Pharmachem has made tenofovir disoproxil - the active pharmaceutical ingredient (API) in Viread and one of the active pharmaceutical ingredients in Atripla and Truvada – for Gilead for more than a decade.
A Gilead spokesman told us: "The new API facility is for the exclusive production of Gilead product.The facility will be built next to the existing manufacturing plant on Grand Bahama, with the additional capacity and operational capability enabling the manufacturing of more structurally complex APIs."
The new facility – which is expected to be operational in 2019 – will supply APIs for Gilead’s new HIV treatment Descovy, which was approved by the US Food and Drug Administration (FDA) on Monday.
The drug combines emtricitabine and a new tenofovir prodrug - tenofovir alafenamide – which has demonstrated equivalent antiviral efficacy to Viread at a tenth of the dosage.
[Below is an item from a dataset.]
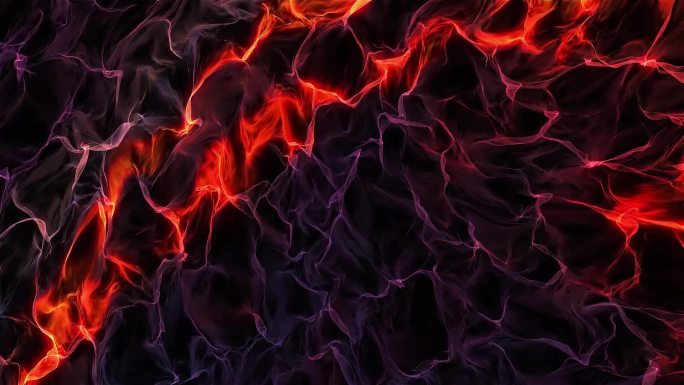 854宇宙星云魔幻紫红流体抽象舞台晚会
The Freeport facility was set up by Mexican drug firm Laboratorios Syntex SA in the 1960s to make the API for Naproxen, a non-steroidal anti-inflammatory drug (NSAID). In 1994, Roche bought the facility along with Syntex.
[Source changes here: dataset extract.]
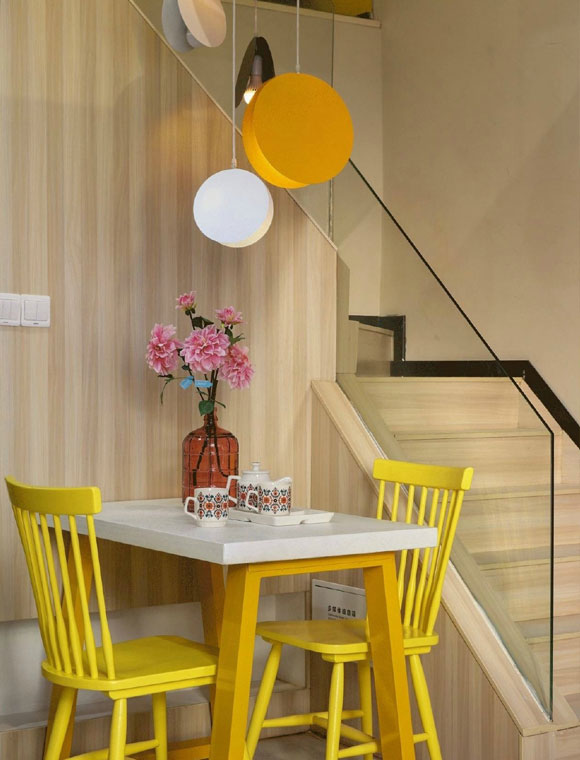 简约风格复式装修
Two years later the plant was acquired by Pietro Stefanutti, then president of Italian API firm Pharmaceutical Fine Chemicals. In 1998 it was sold to manufacturing conglomerate Allied Signal, however, it was later mothballed when that firm merged with Honeywell.
Stefanutti reacquired the Freeport facility in 2003 in partnership with the Bahamian Port Authority, bringing with him a supply contract from Gilead.
Under Pharmachem, the facility has supplied Gilead with tenofovir disoproxil since 2004, including during the seven year period the firm was owned by France-based contract manufacturing organisation (CMO) Novasep.